[Start of Attachment]
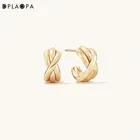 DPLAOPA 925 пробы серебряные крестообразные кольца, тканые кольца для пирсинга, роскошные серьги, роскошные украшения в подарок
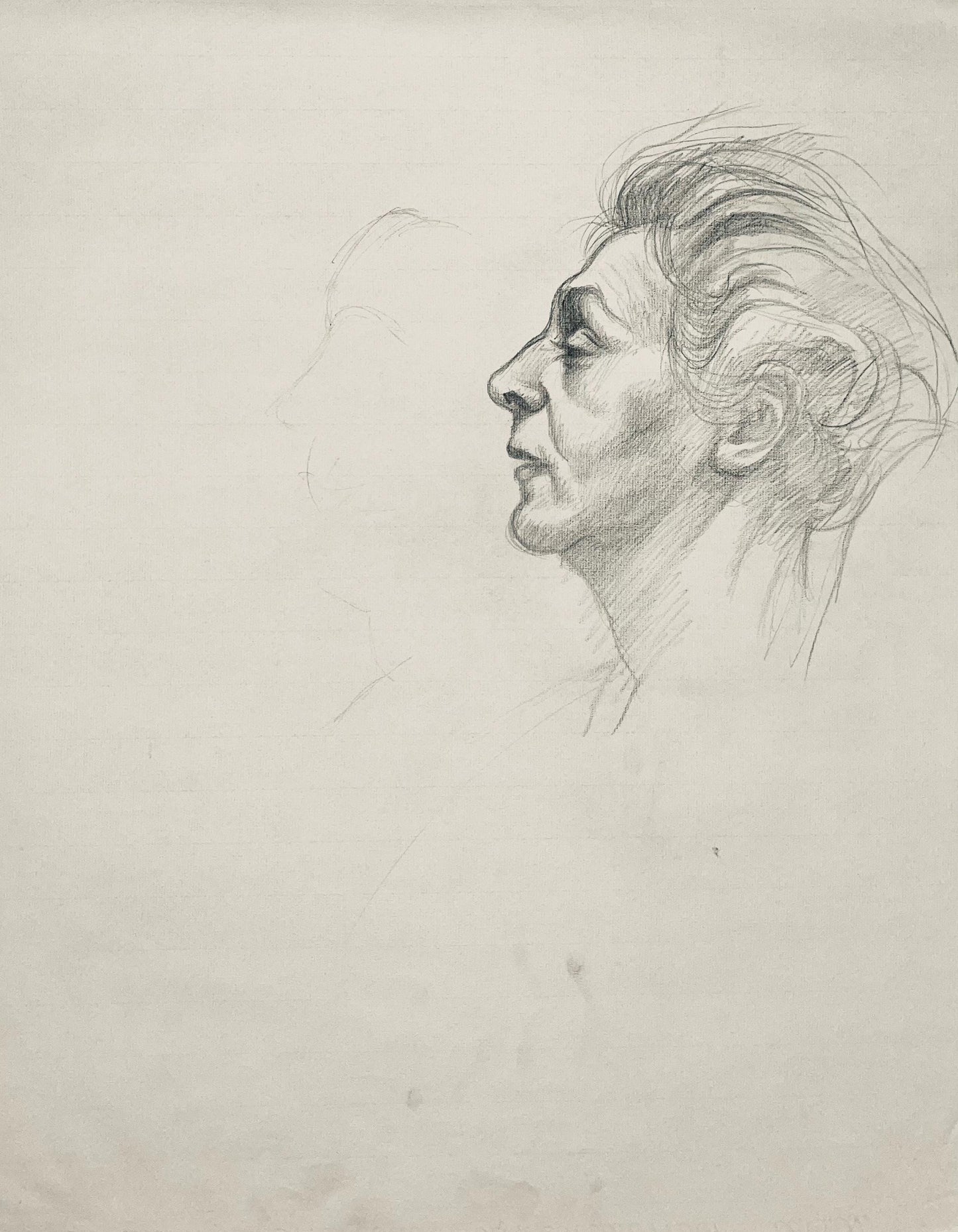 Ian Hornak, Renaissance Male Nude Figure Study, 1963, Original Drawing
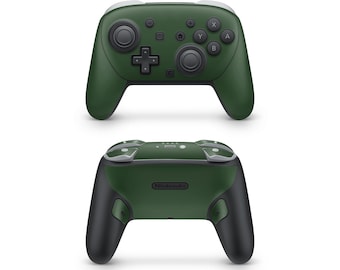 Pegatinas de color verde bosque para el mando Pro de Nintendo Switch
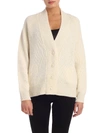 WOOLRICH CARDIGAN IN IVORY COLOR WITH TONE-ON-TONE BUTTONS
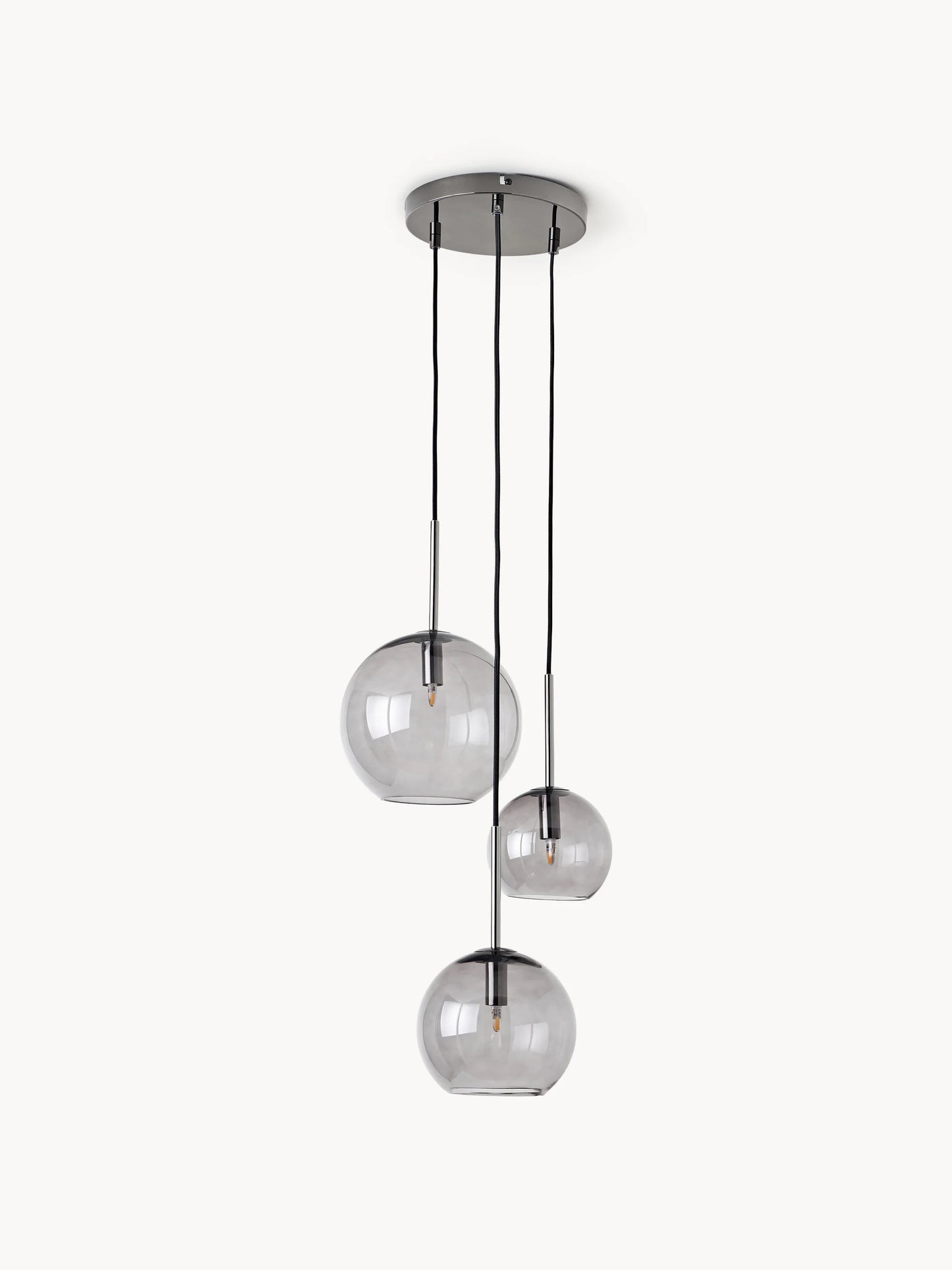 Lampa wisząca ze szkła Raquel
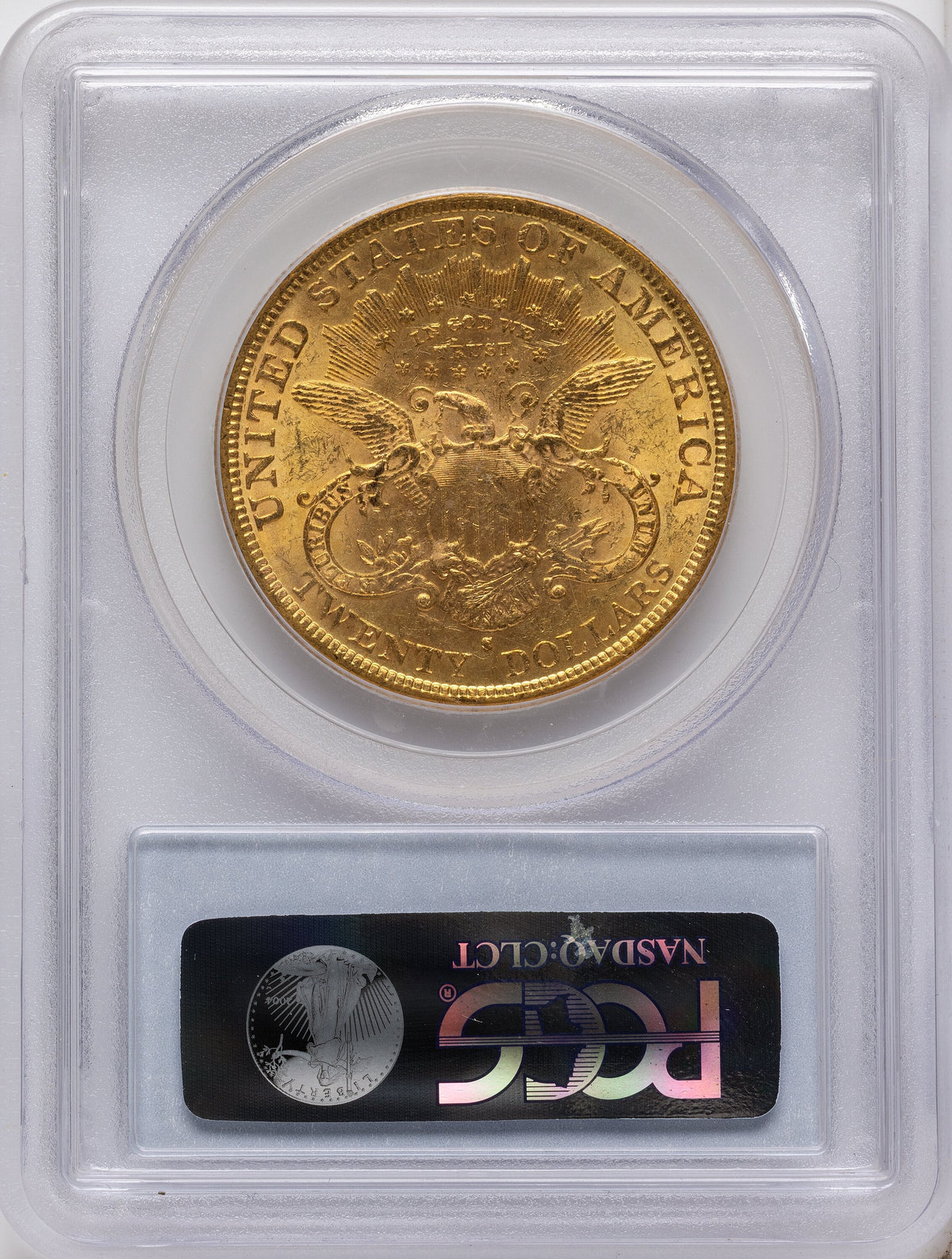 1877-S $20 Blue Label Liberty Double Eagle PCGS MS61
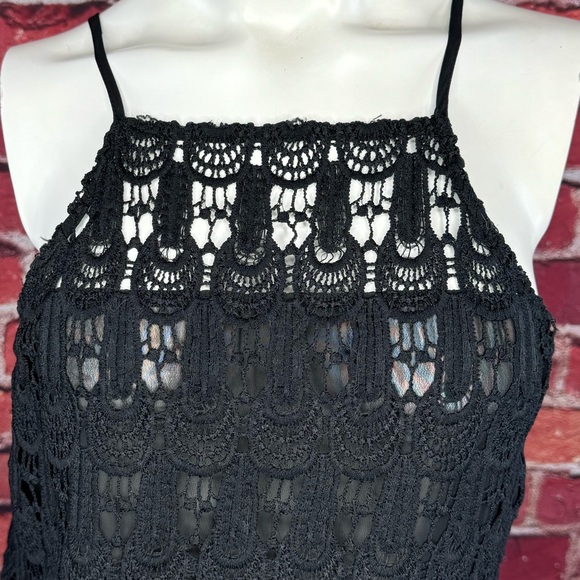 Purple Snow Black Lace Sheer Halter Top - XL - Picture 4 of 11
[End of Attachment]
## PROBLEM TO WORK ON
A word-for-word transcription of the listing is needed, minus its images.

## PROBLEM SOLUTION
 DPLAOPA 925 пробы серебряные крестообразные кольца, тканые кольца для пирсинга, роскошные серьги, роскошные украшения в подарок
 Ian Hornak, Renaissance Male Nude Figure Study, 1963, Original Drawing
 Pegatinas de color verde bosque para el mando Pro de Nintendo Switch
 WOOLRICH CARDIGAN IN IVORY COLOR WITH TONE-ON-TONE BUTTONS
 Lampa wisząca ze szkła Raquel
 1877-S $20 Blue Label Liberty Double Eagle PCGS MS61
 Purple Snow Black Lace Sheer Halter Top - XL - Picture 4 of 11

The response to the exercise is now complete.